* **WORK REQUEST**: Output the listing below exactly, minus its images.

* **COLLECTED DATA**:
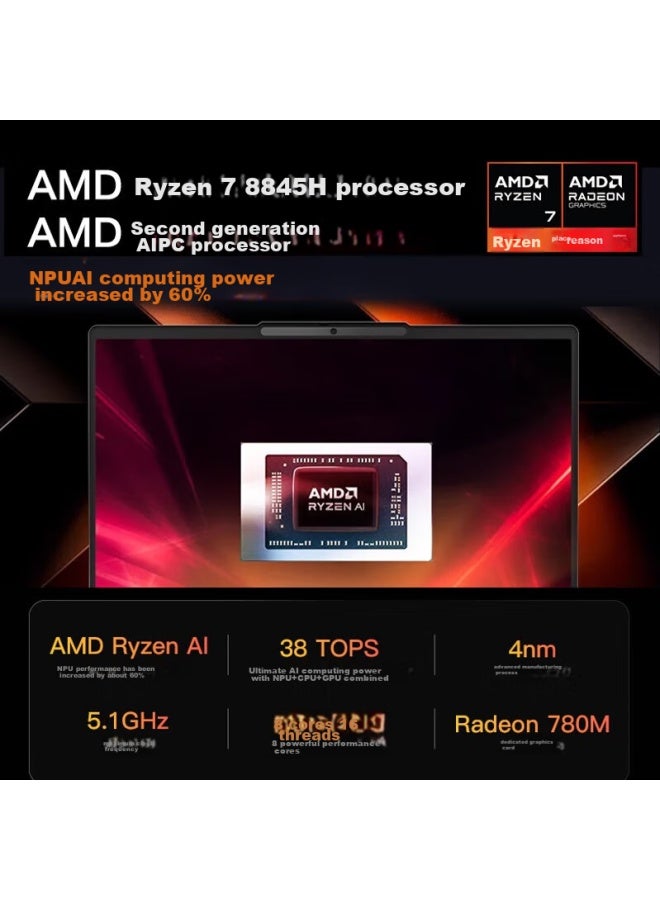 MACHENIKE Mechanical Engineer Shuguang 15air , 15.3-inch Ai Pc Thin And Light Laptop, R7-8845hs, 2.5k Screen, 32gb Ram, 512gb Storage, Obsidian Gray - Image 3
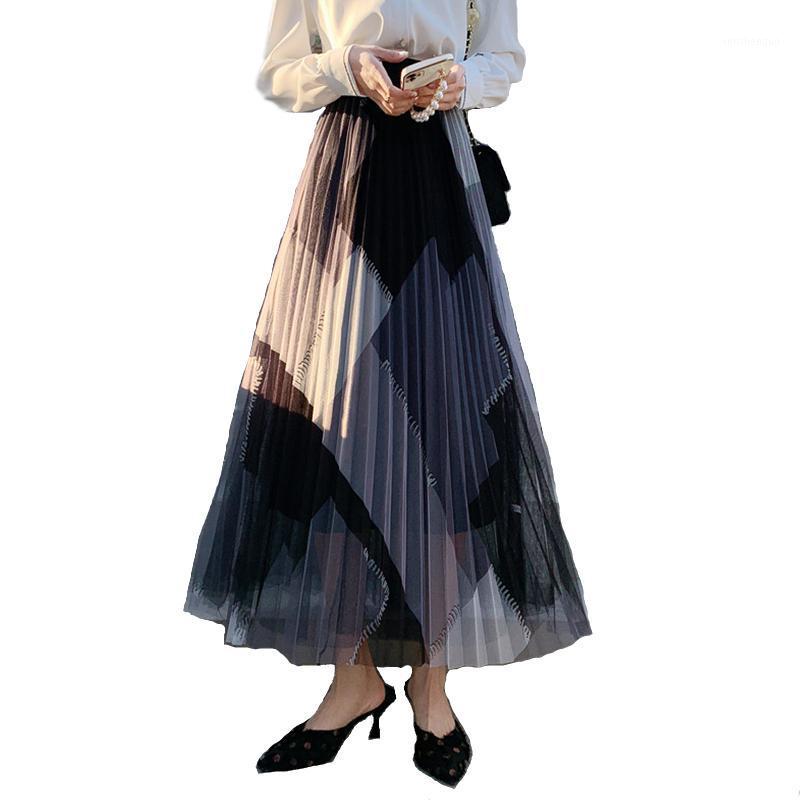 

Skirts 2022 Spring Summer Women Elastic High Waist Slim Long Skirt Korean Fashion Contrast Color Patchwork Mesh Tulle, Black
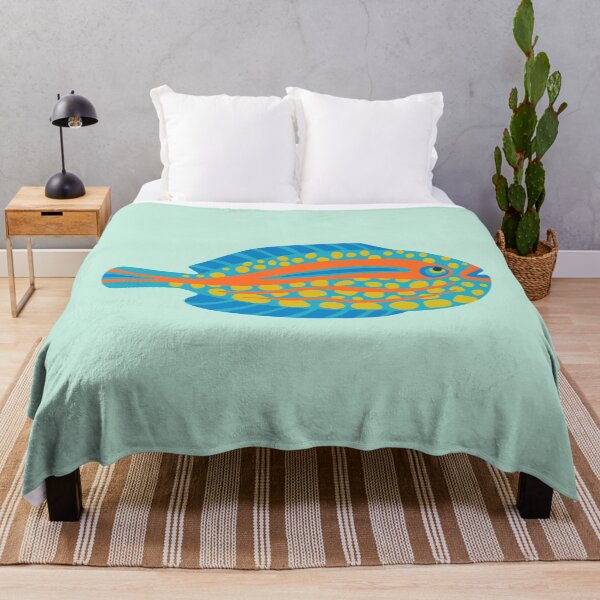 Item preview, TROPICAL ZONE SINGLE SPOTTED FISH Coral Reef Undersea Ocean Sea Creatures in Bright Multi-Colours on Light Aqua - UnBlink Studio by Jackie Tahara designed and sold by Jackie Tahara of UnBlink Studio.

* **COMPLETED EXERCISE**:
 MACHENIKE Mechanical Engineer Shuguang 15air , 15.3-inch Ai Pc Thin And Light Laptop, R7-8845hs, 2.5k Screen, 32gb Ram, 512gb Storage, Obsidian Gray - Image 3

Skirts 2022 Spring Summer Women Elastic High Waist Slim Long Skirt Korean Fashion Contrast Color Patchwork Mesh Tulle, Black
 Item preview, TROPICAL ZONE SINGLE SPOTTED FISH Coral Reef Undersea Ocean Sea Creatures in Bright Multi-Colours on Light Aqua - UnBlink Studio by Jackie Tahara designed and sold by Jackie Tahara of UnBlink Studio.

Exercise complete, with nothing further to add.